台湾 TOPIC(1) 2016年総選挙結果

台湾 TOPIC(1) 2016年総選挙結果

2016年1月、注目の台湾の総選挙(総統選挙、立法院選挙)が行われた。

台湾と中国との関係、東アジア情勢へも大きな影響を与える重要な選挙となった。

 

(選挙結果)

結果は、大方の予想の範囲を超え、民進党が圧勝。立法院の定数113の内、68議席を確保し(40→68)大躍進。一方の馬英九率いる現与党の国民党は議席を半減させ惨敗した(64→35)。1982年の立法院設立以来、国民党は初めて、立法院の議長ポストを民進党に明け渡す結果となった。

一昨年のひまわり運動(立法院占拠)以降、台湾独立志向の強い少数政党が比例区で乱立したのも今回の選挙の特徴となった。ひまわり運動で注目を浴びたリーダーが昨年結成した新党である時代力量は5議席を確保。その他、親民党や無所属も議席を獲得した。

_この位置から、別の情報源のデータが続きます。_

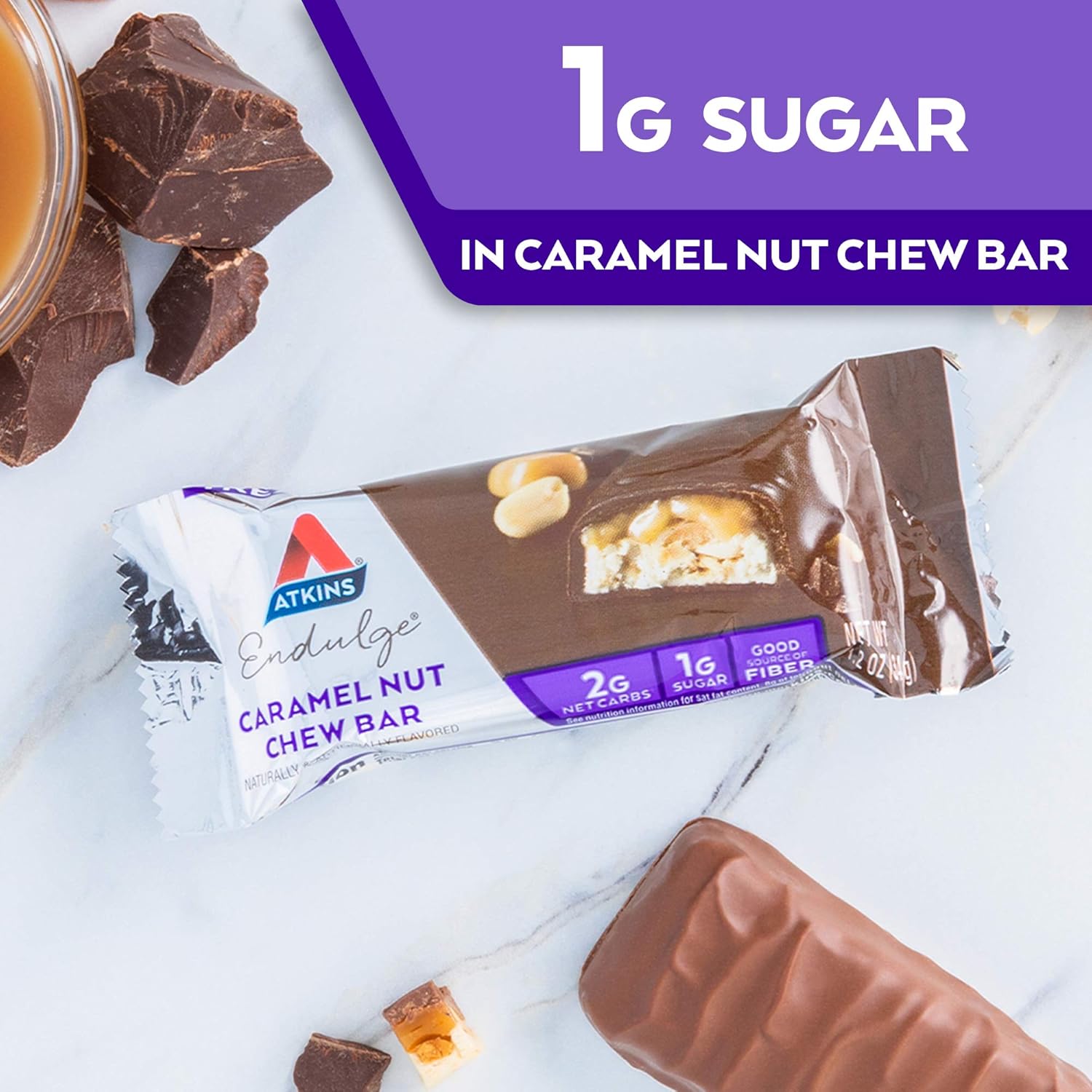 caramel, roasted peanut, and milk chocolate flavor coating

総統選では、民進党の躍進の原動力となった蔡英文氏が見事リベンジを果たし圧勝した。

 

(政権交代へ)

この選挙結果を受け、台湾では8年ぶりの政権交代が実現することになる。加えて、台湾初の女性総統の誕生である。

国民党の馬英九総統が進めてきた大陸との融和政策に対して、民意がノーを付きつけた結果が今回の総選挙と評価されよう。もっとも、台湾経済にとっては国民党が進めてきた対中融和政策において、数多くの経済的恩恵を享受したことは間違いない。ただ、恩恵が特定産業に偏りがあり広く国民の生活レベルの向上を実感させるまでには至らなかった。物価が高騰し格差が拡大した。

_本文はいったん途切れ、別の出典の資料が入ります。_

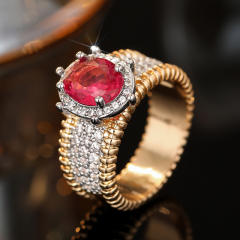 Two-Tone Metal Edge-Inlaid Ring for Women vintage diamond rings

さらに大きな背景として、香港同様、台湾においても、公民ナショナリズムが確実に定着しつつあると言えよう。香港の雨傘運動、台湾のひまわり運動に共通するのは、大陸の民族的なナショナリズムに対する民主主義を手段とした公民権運動の側面だ。香港も台湾もその歴史の中で、着実に真の民主主義が根付いてきている。それは民主と自由を基本概念とする西洋的な近代国家が有する価値観であり、この価値観は、中華文明が志向する統治思想とは大きく異なるものだ。台湾人は、台湾のことは台湾人が自ら決める自由を求めたのである。蔡英文氏は勝利宣言の中で、今回の選挙で最も意義のあったのは主権者が民主主義の精神を示したことであり、台湾の民意は台湾の主権を守る政府を求めたことだと述べた。まさに、蔡氏が述べた通りの意義が今回の歴史的な総選挙の結果と言える。

 

(近隣国との関係)

今回の総選挙においてはこれまで中国は静観を貫いている。民進党は、国民党と中国共産党による1992年コンセンサス「一つの中国原則」を認めていない。蔡英文氏は、中国を友好国として意思疎通を図っていくと言っているが、その距離感が微妙に変化することは間違いないだろう。その距離感の取り方次第で、東アジア地域のパワーバランスに大きな影響が出ることから、日本としても、引き続き今後の台湾情勢から目が離せない。民進党政権が議会での単独過半数という強固な政権基盤を背景に、過度な台湾独立路線へ舵を切り、対中関係を悪化させることは、東アジア情勢への影響が大きい。対中関係は、平和で安全な両岸のために現状維持方針というのが、蔡英文氏の選挙時の発言だったが、その政権運営を注視しなければならない。

馬英九政権下において、日本との関係は、東日本エリアの一部日本製品への不当な輸入規制の実施など、ちぐはぐな政策運営で混乱を生じさせたりもした。また尖閣諸島の領有権の主張や慰安婦問題での賠償問題の提起など、日台関係悪化の火種を馬政権は有していた。 1972年の日中国交正常化以来、台湾との国交断絶下においても、人的にも経済的にも交流を深めてきた日台関係。新しい民進党政権においては日本との関係が良好な状態に戻ることが期待される。